PROBLEM:
Leaving out the pictures, print exactly the lines from the one holding "Big Time Charlie" to the last line of the entries below, both included, and nothing more.

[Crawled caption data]
[Start of Attachment]

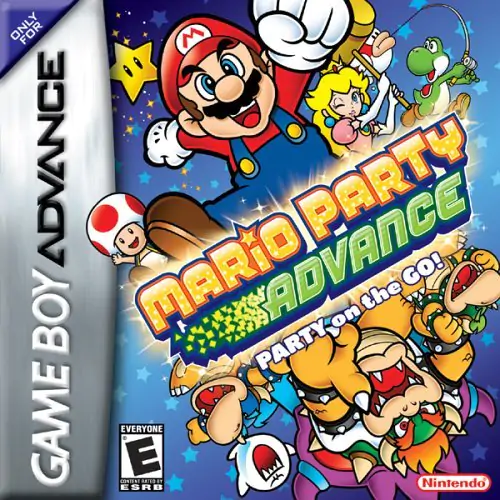 Portada de la descarga de Mario Party Advance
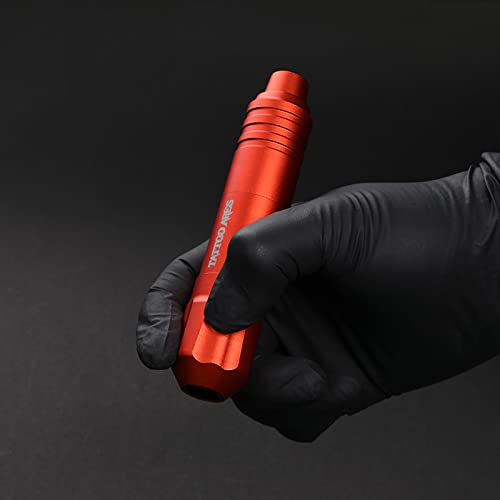 Sokony Dövme Makinesi Seti, Döner Dövme Makinesi Kalem Seti Kablosuz Pil Gücü 20 adet Karışık Dövme Kartuşları İğneler Ayak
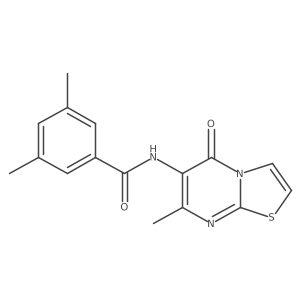 3,5-dimethyl-N-(7-methyl-5-oxo-5H-thiazolo[3,2-a]pyrimidin-6-yl)benzamide Structure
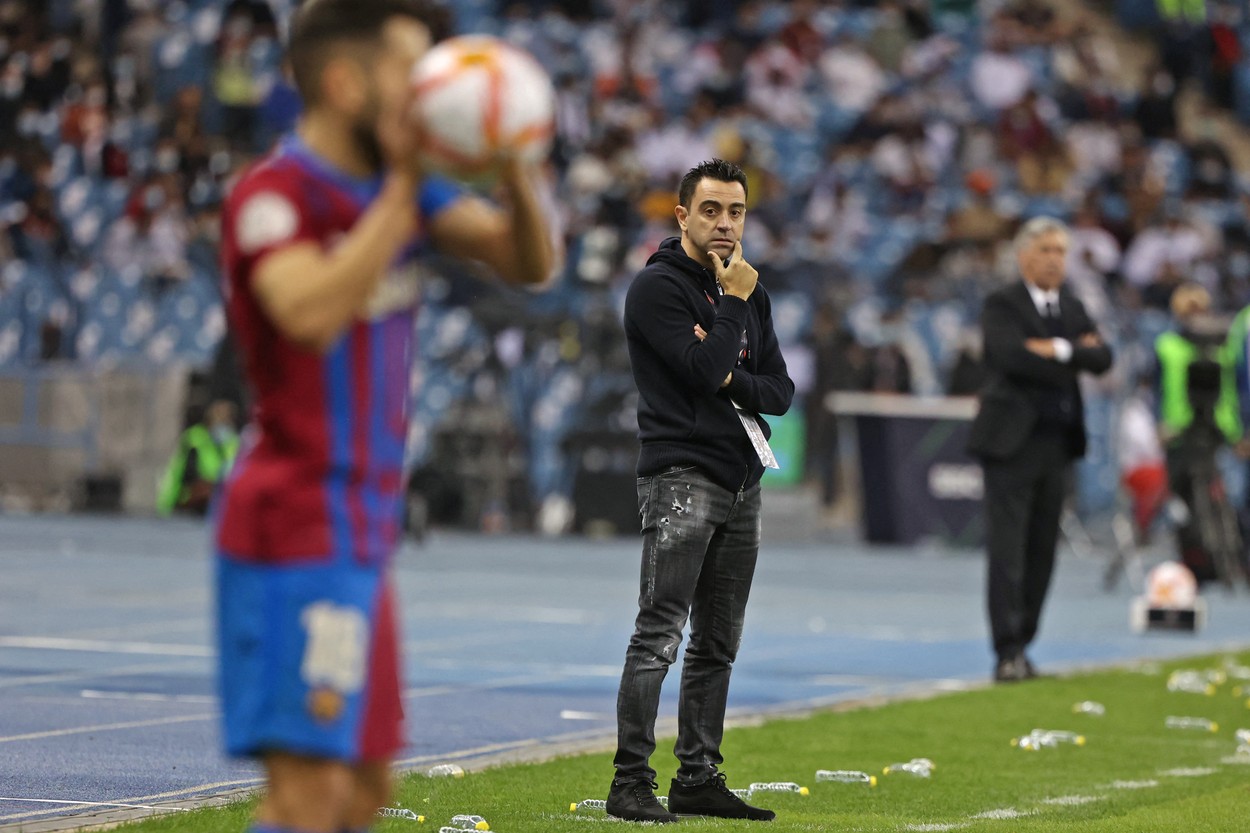 Xavi a pierdut primul ‘El Clasico’ din postura de antrenor. Recordul atins de FC Barcelona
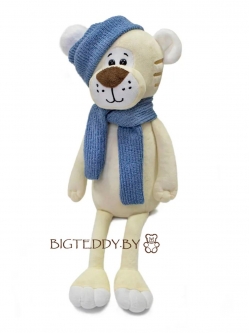 Мягкая игрушка Тигр c шапочкой и шарфиком 55 см
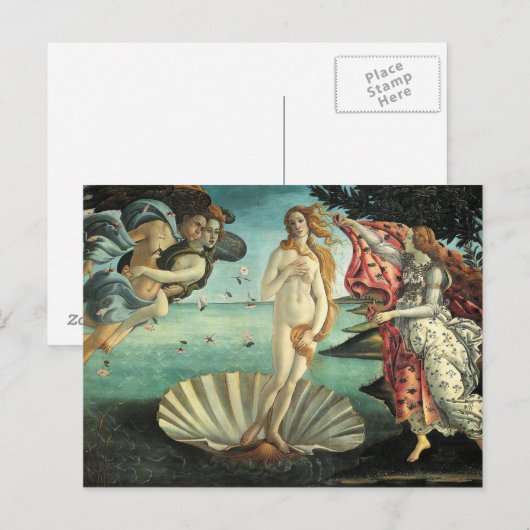 Botticelli Renaissance-Malerei Postkarte (Vorne/Hinten)
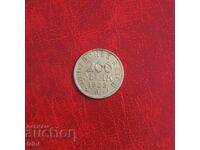 Germany 200 Mark 1923 'G' - Karlsruhe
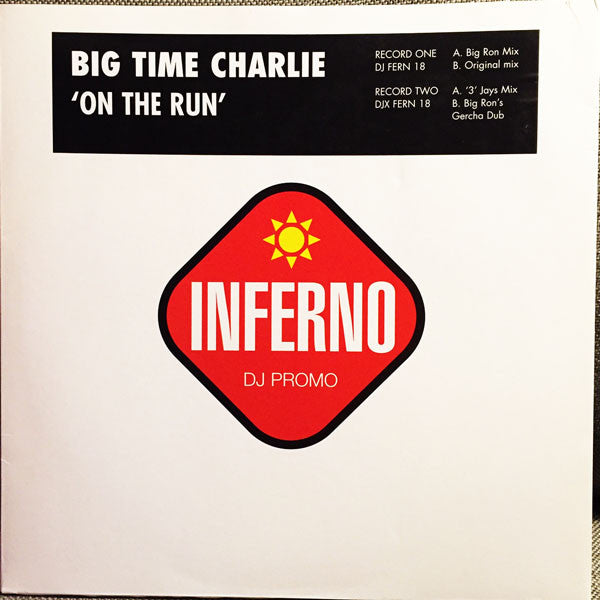 Big Time Charlie : On The Run (2x12", Promo)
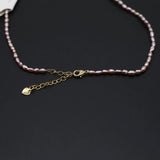 Freshwater Pearl Choker Necklace with Heart Pendant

[End of Attachment]

WRITTEN REPLY:
 Big Time Charlie : On The Run (2x12", Promo)
 Freshwater Pearl Choker Necklace with Heart Pendant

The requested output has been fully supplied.